▶ _Task to complete_: Wherever a line in the records below contains "Pictures", copy that line.

[Caption-style text data]
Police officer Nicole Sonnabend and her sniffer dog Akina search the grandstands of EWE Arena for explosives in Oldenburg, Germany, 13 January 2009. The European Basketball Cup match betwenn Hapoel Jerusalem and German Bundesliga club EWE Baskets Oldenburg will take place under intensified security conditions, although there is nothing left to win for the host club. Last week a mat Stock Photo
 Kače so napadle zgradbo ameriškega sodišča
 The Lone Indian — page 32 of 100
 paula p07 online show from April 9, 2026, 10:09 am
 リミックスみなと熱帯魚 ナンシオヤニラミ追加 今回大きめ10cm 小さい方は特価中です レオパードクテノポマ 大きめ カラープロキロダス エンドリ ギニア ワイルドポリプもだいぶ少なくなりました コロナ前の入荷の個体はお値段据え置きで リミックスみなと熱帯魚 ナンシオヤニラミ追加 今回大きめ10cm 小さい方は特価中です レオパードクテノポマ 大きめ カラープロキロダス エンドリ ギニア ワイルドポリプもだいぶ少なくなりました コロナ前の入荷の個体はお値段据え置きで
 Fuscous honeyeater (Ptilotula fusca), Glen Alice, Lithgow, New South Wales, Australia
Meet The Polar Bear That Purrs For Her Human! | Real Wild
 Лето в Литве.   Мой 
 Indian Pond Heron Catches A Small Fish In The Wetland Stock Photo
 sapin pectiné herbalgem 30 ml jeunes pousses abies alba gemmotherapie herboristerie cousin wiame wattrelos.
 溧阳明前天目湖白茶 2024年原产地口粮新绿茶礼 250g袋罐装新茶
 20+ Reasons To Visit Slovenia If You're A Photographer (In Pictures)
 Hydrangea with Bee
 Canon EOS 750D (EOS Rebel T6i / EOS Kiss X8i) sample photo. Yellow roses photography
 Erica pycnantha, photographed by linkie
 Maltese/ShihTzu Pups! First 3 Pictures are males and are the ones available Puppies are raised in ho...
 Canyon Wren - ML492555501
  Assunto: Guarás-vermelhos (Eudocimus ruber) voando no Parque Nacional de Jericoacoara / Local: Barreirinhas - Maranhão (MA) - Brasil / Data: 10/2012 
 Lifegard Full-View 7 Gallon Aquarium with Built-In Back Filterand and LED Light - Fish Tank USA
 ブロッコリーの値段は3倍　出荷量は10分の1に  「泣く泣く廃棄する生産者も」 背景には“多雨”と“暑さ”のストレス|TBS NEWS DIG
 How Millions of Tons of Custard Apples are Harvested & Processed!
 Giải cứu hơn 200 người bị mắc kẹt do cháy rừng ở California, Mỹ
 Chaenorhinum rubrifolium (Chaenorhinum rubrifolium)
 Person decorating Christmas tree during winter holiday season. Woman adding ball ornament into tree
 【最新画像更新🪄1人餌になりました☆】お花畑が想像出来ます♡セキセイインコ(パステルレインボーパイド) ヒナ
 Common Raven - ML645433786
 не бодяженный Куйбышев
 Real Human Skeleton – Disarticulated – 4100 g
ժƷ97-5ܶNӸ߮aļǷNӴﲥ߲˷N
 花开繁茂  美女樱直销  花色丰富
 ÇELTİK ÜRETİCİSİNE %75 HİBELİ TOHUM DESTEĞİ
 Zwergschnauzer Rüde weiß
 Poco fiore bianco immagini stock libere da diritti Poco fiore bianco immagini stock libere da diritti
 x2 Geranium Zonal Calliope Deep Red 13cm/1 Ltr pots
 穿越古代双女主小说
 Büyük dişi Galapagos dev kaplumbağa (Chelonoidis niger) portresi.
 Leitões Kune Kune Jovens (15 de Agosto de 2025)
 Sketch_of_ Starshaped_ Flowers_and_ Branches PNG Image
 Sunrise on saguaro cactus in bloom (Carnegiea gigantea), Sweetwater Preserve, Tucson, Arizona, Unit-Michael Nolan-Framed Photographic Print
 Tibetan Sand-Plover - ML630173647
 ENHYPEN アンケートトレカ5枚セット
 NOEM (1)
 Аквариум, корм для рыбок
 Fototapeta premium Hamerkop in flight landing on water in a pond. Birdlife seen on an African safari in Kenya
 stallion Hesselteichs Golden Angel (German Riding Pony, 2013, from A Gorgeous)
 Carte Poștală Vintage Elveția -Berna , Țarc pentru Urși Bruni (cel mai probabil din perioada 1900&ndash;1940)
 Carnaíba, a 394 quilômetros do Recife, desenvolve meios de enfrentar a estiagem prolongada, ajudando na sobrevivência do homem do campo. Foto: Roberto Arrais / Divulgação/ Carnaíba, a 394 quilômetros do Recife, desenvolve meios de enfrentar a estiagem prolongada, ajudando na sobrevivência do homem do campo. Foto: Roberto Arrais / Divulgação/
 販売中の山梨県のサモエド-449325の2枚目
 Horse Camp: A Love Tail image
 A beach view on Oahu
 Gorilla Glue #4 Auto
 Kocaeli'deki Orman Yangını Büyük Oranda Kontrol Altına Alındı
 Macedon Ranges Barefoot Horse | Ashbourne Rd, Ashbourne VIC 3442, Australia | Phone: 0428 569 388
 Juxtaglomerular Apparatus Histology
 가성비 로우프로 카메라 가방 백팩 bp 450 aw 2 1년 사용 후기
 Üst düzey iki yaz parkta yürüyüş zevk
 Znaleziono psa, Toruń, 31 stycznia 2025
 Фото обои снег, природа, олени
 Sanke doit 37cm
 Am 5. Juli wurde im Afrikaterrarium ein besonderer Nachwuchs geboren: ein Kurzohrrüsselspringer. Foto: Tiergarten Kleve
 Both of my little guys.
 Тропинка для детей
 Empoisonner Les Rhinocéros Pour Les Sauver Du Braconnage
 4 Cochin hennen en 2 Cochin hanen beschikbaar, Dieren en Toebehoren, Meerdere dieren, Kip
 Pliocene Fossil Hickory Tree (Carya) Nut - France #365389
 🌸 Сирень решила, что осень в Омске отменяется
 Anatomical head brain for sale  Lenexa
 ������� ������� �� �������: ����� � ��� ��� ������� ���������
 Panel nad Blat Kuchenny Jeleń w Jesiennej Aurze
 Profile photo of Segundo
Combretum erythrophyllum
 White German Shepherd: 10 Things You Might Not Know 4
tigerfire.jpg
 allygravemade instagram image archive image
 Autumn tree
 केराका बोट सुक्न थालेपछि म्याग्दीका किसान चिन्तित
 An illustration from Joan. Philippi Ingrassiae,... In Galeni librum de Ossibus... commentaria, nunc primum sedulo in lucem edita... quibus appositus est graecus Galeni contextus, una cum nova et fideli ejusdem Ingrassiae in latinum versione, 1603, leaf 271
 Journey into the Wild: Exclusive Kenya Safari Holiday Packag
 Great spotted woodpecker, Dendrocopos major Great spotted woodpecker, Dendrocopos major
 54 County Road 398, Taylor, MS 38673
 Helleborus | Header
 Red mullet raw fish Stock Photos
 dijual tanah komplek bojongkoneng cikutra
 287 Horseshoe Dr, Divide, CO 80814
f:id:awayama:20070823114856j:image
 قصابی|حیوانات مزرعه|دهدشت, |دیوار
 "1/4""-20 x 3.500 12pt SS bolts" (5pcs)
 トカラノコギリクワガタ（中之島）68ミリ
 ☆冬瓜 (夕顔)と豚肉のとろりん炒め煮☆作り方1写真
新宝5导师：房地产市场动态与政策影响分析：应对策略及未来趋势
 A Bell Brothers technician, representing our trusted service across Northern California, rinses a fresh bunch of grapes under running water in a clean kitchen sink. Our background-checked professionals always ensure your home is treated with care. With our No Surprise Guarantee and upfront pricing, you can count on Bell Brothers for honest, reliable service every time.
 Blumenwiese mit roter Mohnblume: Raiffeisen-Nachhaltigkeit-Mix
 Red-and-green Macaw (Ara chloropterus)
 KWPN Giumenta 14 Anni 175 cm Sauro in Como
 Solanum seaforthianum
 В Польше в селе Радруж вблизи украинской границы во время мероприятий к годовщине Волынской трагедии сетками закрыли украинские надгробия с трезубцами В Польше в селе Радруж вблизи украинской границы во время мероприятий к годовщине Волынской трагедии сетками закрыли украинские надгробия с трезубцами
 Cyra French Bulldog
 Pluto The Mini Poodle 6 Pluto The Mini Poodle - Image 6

▶ _Exercise output_:
 20+ Reasons To Visit Slovenia If You're A Photographer (In Pictures)
 Maltese/ShihTzu Pups! First 3 Pictures are males and are the ones available Puppies are raised in ho...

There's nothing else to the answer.